Please copy each line of the data that includes the string "Digital".
──────── INFORMATION SHOWN ────────
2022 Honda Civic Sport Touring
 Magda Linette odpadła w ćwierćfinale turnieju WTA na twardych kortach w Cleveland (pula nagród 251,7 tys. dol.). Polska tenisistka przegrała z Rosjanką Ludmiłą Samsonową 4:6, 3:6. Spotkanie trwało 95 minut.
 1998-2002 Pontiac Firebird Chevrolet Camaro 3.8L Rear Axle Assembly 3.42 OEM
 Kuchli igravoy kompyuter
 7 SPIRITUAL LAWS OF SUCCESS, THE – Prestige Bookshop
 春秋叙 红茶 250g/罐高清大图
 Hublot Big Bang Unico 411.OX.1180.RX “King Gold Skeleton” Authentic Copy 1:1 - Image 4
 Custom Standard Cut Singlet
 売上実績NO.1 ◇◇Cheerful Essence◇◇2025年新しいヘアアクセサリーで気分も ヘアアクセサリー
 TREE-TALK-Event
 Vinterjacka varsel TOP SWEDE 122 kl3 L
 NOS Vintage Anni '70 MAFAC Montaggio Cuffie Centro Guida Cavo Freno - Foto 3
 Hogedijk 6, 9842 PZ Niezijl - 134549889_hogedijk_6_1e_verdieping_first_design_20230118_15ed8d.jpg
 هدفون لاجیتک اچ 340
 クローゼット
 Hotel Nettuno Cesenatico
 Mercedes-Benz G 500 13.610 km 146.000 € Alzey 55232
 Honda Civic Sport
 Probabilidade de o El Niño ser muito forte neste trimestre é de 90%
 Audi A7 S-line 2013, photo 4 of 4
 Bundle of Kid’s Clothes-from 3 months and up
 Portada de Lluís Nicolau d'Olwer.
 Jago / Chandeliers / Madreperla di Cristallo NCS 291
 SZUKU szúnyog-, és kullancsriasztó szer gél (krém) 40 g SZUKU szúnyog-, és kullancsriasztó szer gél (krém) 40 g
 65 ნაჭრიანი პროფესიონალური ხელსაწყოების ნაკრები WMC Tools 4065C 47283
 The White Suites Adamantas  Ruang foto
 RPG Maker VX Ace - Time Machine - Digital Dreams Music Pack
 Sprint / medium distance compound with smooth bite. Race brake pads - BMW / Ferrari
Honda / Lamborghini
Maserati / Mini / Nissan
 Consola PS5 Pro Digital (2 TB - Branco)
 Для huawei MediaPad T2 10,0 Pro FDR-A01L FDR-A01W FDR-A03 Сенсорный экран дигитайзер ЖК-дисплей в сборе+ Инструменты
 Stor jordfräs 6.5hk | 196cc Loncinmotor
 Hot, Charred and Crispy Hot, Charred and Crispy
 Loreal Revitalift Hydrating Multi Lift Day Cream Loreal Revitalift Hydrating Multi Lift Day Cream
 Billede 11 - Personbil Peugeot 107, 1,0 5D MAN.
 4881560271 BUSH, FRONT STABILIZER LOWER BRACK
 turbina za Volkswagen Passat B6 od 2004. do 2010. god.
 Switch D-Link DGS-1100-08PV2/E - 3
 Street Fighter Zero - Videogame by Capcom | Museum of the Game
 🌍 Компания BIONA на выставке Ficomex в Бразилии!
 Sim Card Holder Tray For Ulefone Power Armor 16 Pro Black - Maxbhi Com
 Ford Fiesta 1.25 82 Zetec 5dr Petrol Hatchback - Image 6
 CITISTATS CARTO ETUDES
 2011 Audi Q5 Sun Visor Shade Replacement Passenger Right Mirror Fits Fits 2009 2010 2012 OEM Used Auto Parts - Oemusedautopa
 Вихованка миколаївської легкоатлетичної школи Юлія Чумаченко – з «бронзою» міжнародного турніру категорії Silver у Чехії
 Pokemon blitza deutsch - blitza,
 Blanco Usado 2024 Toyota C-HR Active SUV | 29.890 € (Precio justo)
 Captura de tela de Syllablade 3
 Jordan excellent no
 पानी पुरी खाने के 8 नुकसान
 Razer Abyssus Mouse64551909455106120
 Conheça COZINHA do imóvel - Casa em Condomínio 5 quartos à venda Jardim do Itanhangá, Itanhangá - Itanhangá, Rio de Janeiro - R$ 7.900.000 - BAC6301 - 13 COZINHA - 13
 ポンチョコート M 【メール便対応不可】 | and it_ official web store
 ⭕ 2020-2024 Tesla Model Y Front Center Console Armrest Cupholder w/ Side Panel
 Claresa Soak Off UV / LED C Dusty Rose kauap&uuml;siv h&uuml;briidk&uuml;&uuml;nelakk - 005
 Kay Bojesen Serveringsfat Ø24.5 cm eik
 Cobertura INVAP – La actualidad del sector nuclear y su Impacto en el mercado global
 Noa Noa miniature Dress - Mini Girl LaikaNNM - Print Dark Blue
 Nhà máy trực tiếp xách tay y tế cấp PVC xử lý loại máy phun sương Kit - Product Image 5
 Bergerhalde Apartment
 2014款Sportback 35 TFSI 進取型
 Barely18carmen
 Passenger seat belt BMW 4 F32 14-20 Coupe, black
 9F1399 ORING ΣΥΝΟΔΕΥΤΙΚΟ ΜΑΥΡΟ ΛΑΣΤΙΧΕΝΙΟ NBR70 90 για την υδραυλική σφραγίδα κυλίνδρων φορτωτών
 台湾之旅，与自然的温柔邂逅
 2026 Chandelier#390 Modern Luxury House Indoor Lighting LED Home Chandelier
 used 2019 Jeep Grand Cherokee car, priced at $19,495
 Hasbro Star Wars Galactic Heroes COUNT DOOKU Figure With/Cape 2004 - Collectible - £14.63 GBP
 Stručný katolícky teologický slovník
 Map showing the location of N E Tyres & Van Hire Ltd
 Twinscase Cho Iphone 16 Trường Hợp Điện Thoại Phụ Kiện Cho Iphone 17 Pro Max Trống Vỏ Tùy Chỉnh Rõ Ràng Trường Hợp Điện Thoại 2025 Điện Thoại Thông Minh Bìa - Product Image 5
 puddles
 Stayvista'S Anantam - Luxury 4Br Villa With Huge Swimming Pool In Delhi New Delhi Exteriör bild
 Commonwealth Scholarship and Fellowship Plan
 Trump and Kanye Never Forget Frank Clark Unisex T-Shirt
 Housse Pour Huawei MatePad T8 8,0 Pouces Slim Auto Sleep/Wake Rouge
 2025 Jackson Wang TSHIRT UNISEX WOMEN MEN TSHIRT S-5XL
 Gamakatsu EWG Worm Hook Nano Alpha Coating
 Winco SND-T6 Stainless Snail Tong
────────
**THE COMPLETED TASK**
 RPG Maker VX Ace - Time Machine - Digital Dreams Music Pack
 Consola PS5 Pro Digital (2 TB - Branco)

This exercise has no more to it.